Zuvor jedoch beschäftigt Emmerich der Mord an zwei jungen Frauen, die sich als Barmädchen und Prostituierte über Wasser halten. Eine dritte junge Frau, die mit den Mordopfern die Wohnung teilte, ist spurlos verschwunden. Sie aufzuspüren bleibt allerdings Emmerichs jungem Assistenten Ferdinand Winter überlassen. Denn zu seinem grossen Verdruss wird der Kriminalinspektor selbst zu einem einwöchigen Benimmkurs abkommandiert. Dort will man dem für seine harschen Umgangsformen berüchtigten Ermittler ein bisschen mehr Schliff beibringen. Besonders ärgerlich ist für Emmerich, dass der Kurs von seinem verhassten Gegenspieler Brühl geleitet wird, der seine Macht weidlich ausnutzt. Der ganze Kurs scheint ein abgekartetes Spiel zu sein.

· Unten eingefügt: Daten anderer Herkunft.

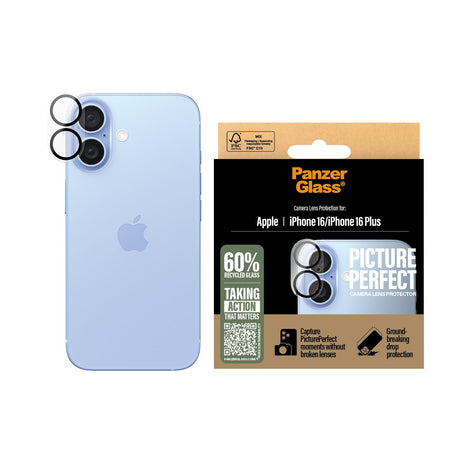 EAN 5715685002960 - PanzerGlass ® PicturePerfect Camera Lens Protector iPhone 16 | 16 Plus Protector de pantalla Apple 1 piez imagen 2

Assistent Ferdinand Winter, verarmter Adelssprössling mit feinen Manieren, muss sich nun allein in dem verruchten Rotlichtmilieu herumtreiben, was dem empfindsamen jungen Mann schwer zu schaffen macht. Bei der Recherche wird er in ein Etablissement mit finsteren kriminellen Machenschaften gelockt. Wie soll er je aus dieser Hölle wieder heil herauskommen? Und ausgerechnet seine aristokratischen Standesgenossen betreiben ein schmutziges Spiel. Denn es gibt offenbar eine Verbindung zwischen dem Mord an den Frauen und einem politischen Komplott.
Das sympathische Duo Emmerich-Winter ist ein Spiegelbild der Wiener Gesellschaft jener tristen Nachkriegsjahre. Emmerich, erst Waisenkind, dann Kriegsinvalide, hat die Ungerechtigkeiten der Klassengesellschaft in voller Härte kennengelernt. Kein Wunder, dass sein Herz fürs einfache Volk schlägt und er die feinen Pinkel und ihr vornehmes Getue verachtet. Er glaubt an die Demokratie und die junge Republik, denn «in einer Republik wird es weniger Ungleichheit geben.»
Winter dagegen leidet unter seinem gesellschaftlichen Abstieg: Sein Besitz ist weg und sogar sein «von» musste er ablegen, denn in der Republik gibt es nun offiziell keinen Adel mehr. Stattdessen hat in seinen Augen der Pöbel die Macht übernommen: «Unter dem Kaiser hätte es so etwas nicht gegeben. Die Galanterie hatte abgedankt, eine Zeit der Schurkerei war angebrochen.»
Das spannungsreiche, doch herzlich miteinander verbundene Ermittler-Duo ist eines der Erfolgsrezepte der Serie. Das zweite ist die authentische Milieu-Schilderung, die auf akribischer Recherche der studierten Archäologin beruht. Und dann ist Alex Beer natürlich einfach eine sehr gute Krimi-Schreiberin, die weiss, wie man einen Plot aufbaut und den Leser in den Bann zieht. All dies macht ihre Krimis zu einer Klasse für sich.
- Alex Beer: Das schwarze Band, Limes, München, 352 Seiten, 20,00 Euro, ISBN 978-3-8090-2720-1.